**RECORDED INFORMATION:**
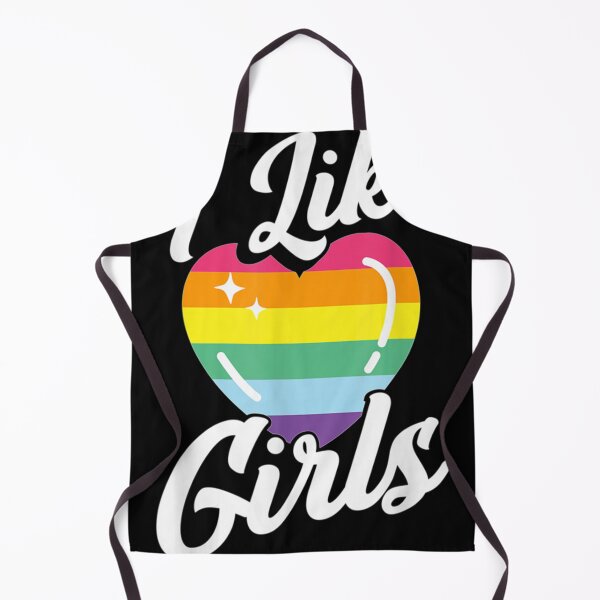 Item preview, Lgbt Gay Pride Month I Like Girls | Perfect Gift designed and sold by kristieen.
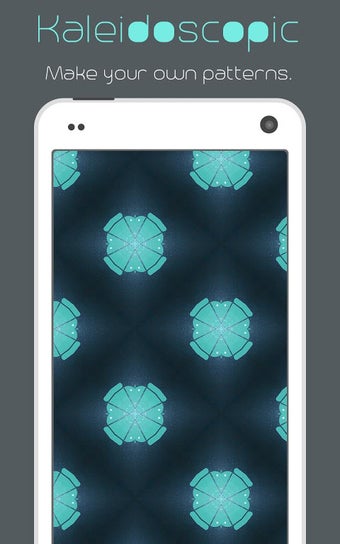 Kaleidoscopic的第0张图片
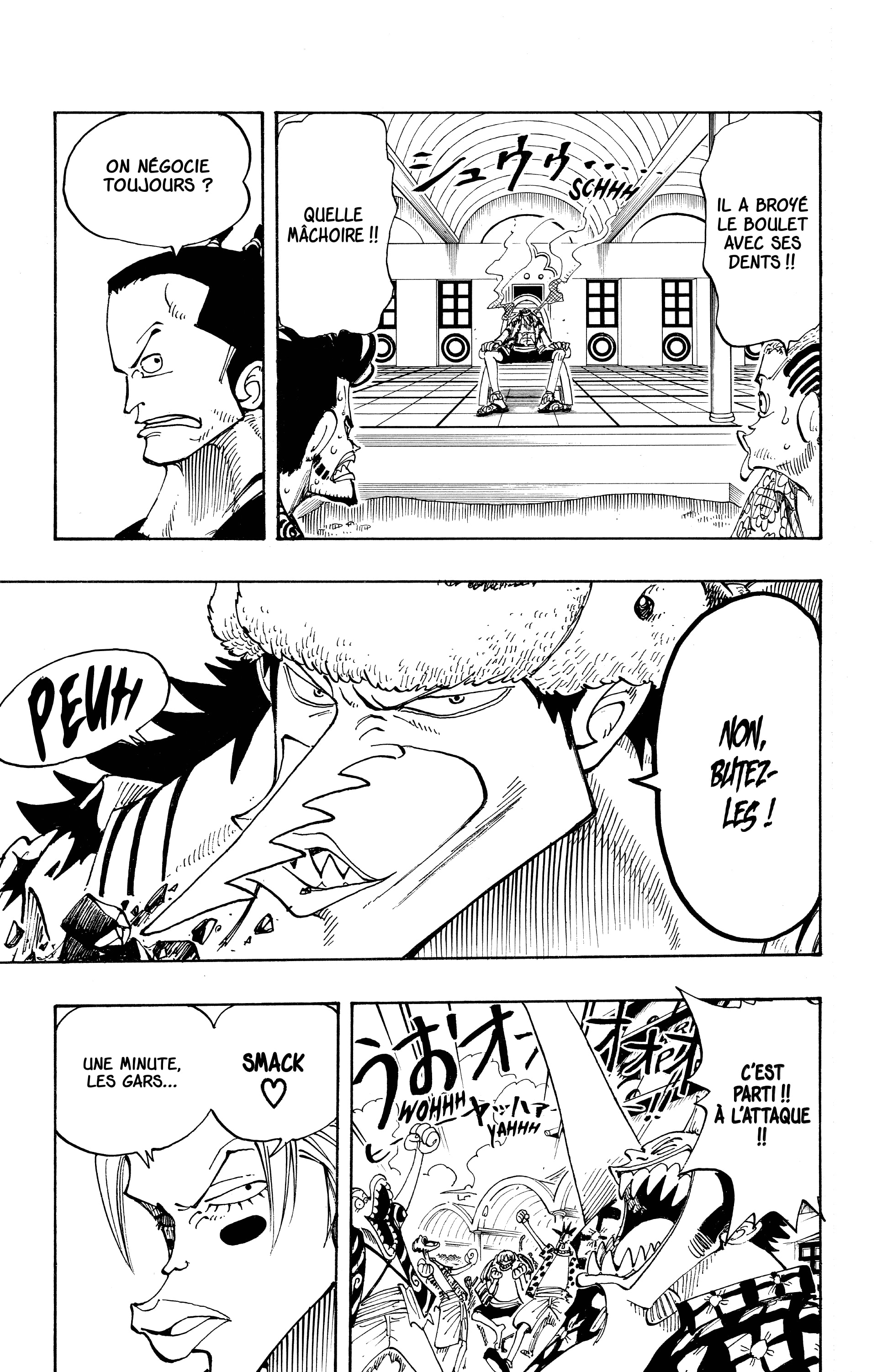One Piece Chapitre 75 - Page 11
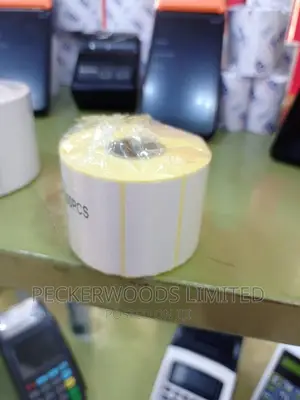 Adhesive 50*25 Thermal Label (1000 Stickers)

**YOUR OBJECTIVE:**
Pictures are to be left out; otherwise, copy exactly each line from the one containing "One Piece Chapitre 75 - Page 11" through the last line of the listing.

**TASK RESULT:**
One Piece Chapitre 75 - Page 11
 Adhesive 50*25 Thermal Label (1000 Stickers)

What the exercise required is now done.